As for me, I love the aggressively bright colors and weirdo weapon. I’m glad I finally own this vehicle. I would have loved it as a kid and I love it now.
If it doesn’t suit you, you can ignore it and buy your 400th 83 HISS to put in a boring, sterile line in an expensive glass cabinet. But if you can’t just enjoy the toys you love and ignore the the toys you dislike, then you’ll greatly appreciate this next little photo gallery.
I did it all for you.
1991 GI Joe Septic Tank – Closing Thoughts
Thanks for joining me for this little gallery and review!
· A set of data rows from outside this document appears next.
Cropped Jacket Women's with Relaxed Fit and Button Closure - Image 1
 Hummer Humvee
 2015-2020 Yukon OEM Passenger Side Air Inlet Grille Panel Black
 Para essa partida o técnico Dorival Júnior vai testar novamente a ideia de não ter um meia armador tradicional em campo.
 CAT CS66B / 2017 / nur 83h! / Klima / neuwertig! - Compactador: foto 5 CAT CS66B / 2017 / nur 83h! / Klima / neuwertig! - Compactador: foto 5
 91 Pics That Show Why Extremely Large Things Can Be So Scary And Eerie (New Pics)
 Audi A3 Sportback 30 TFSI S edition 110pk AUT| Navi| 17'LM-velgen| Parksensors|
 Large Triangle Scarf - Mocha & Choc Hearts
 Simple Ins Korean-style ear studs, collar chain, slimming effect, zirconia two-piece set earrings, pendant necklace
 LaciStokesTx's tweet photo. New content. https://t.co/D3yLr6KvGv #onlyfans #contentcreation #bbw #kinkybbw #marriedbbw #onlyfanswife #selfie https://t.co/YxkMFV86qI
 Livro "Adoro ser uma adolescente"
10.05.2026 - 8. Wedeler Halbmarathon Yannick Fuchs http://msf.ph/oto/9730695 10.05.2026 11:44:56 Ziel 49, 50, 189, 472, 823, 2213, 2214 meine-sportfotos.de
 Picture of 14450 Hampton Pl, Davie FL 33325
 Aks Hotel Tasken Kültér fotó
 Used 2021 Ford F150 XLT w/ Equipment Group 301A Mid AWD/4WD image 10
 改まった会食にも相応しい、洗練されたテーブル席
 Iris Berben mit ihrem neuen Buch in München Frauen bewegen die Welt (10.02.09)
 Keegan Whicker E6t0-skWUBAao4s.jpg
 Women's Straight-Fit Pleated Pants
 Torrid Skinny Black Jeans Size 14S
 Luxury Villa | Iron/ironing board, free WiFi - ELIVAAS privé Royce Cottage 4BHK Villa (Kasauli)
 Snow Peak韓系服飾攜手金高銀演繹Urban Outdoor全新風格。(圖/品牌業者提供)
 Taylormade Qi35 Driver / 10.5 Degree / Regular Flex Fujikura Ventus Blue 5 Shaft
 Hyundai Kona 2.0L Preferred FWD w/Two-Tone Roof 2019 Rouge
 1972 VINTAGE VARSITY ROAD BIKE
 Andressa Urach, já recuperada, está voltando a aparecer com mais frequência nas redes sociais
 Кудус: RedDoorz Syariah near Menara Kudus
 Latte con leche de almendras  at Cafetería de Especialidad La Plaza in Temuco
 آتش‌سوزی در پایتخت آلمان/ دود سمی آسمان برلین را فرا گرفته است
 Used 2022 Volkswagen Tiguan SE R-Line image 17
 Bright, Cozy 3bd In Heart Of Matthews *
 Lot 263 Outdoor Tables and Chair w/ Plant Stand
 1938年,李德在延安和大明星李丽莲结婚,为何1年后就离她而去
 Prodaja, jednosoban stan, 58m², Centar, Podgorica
If anything I wrote offended you personally, I suggest you close your eyes, take a deep breath, and count to Original 13. You’ll be fine.
Also, thanks to all of you friends and regular readers for bearing with me. I needed a week off. I feel like I’m still a little burned out and my head is not entirely in the game, but I’m hoping to push through it– that’s why I did something quick and easy.
So, let’s keep things light and fun. What’s your least favorite version of the HISS Tank? Which GI Joe vehicles do you hate irrationally? Let me know in the comments!